Author: Firth, Andrew E.; Wills, Norma M.; Gesteland, Raymond F.; Atkins, John F.
Title: Stimulation of stop codon readthrough: frequent presence of an extended 3' RNA structural element Document date: 2011_4_27
ID: 2u49b7xo_30
Snippet: The long 'loop' length of the predicted structures is noteworthy. While long-distance base pairings have been demonstrated to play important regulatory roles in RNA viruses (reviewed in ref. 75) , the distances involved in the RT base pairings identified here are very much smaller and a genome-scale regulatory role seems unlikely. Furthermore, our loop-deletion mutant promoted even higher RT than the WT construct, suggesting that the presence of .....
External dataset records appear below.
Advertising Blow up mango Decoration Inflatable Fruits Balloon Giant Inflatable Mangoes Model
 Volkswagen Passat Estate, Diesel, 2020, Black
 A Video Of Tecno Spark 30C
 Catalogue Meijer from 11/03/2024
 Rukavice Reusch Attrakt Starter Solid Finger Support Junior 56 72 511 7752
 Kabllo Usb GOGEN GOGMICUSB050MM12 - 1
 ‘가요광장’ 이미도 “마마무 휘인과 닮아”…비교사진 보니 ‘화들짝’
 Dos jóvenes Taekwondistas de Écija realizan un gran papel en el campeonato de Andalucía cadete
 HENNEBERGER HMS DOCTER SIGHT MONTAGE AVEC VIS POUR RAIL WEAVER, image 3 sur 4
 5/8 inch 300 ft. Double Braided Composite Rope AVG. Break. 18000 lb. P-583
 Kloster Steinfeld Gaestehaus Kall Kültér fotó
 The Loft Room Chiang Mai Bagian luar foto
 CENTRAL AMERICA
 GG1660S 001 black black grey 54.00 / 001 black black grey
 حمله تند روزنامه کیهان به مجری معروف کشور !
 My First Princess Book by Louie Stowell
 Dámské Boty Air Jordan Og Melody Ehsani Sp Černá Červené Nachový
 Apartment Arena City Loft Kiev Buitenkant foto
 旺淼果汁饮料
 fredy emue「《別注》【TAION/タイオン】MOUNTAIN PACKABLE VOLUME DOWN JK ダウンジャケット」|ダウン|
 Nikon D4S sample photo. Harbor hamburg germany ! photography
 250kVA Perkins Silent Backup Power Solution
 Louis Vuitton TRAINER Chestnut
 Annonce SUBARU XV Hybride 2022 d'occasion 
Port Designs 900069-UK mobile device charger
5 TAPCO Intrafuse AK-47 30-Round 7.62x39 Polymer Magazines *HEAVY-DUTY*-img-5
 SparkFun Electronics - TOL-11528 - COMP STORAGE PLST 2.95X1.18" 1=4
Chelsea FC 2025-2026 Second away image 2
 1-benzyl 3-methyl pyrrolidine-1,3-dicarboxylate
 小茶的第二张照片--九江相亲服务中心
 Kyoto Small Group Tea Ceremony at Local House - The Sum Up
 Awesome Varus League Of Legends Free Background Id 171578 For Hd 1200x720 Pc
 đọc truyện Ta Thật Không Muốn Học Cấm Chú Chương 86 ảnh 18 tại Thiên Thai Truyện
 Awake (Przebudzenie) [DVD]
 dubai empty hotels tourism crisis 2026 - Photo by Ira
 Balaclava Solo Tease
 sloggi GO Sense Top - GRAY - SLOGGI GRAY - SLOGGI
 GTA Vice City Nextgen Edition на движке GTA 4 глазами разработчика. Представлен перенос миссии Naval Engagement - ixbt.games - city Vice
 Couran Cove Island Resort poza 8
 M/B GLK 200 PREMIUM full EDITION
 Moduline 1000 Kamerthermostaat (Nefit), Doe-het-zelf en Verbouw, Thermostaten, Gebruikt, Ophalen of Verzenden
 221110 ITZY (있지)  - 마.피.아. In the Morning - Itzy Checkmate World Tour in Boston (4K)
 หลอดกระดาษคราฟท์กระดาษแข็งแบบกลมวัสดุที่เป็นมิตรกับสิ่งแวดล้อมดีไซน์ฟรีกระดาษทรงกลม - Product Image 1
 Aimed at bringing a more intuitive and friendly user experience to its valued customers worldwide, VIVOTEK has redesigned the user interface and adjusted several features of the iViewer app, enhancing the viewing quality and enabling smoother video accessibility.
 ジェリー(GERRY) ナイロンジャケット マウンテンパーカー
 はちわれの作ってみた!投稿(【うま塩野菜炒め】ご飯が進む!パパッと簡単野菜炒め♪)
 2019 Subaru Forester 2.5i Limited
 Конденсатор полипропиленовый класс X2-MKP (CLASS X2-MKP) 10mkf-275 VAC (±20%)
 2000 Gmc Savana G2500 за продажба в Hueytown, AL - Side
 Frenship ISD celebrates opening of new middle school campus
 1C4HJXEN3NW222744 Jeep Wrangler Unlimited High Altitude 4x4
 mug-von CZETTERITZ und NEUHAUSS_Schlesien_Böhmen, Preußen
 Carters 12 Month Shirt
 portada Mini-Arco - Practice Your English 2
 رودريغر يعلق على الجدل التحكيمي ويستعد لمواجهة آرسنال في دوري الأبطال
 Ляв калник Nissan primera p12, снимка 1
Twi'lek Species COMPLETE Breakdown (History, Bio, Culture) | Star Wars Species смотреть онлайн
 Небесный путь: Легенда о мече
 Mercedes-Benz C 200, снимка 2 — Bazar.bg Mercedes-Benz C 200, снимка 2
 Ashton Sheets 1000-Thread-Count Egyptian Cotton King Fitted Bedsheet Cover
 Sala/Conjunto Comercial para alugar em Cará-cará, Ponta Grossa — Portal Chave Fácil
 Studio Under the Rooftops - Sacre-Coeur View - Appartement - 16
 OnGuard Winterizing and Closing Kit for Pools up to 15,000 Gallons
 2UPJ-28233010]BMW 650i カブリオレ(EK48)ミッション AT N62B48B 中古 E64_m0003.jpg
Document: The long 'loop' length of the predicted structures is noteworthy. While long-distance base pairings have been demonstrated to play important regulatory roles in RNA viruses (reviewed in ref. 75) , the distances involved in the RT base pairings identified here are very much smaller and a genome-scale regulatory role seems unlikely. Furthermore, our loop-deletion mutant promoted even higher RT than the WT construct, suggesting that the presence of a long loop region, or any sequence motifs therein, play little if any role in stimulating efficient RT. Thus, we hypothesize that evolutionary selection simply acts to place the 3 0 component of the stem in a convenient location (e.g. with regards to minimizing interference with the encoded amino acid sequence). Although we refer to the region between the two components of the stem as a 'loop', it should not be taken to imply that this region does not fold. In fact the region generally is predicted to fold, and the fact that it can fold may indeed be functionally important-perhaps just to provide stability to the basal stem. However, in most cases, the nature of the fold seems to be relatively unimportant as it is not well-conserved between related sequences.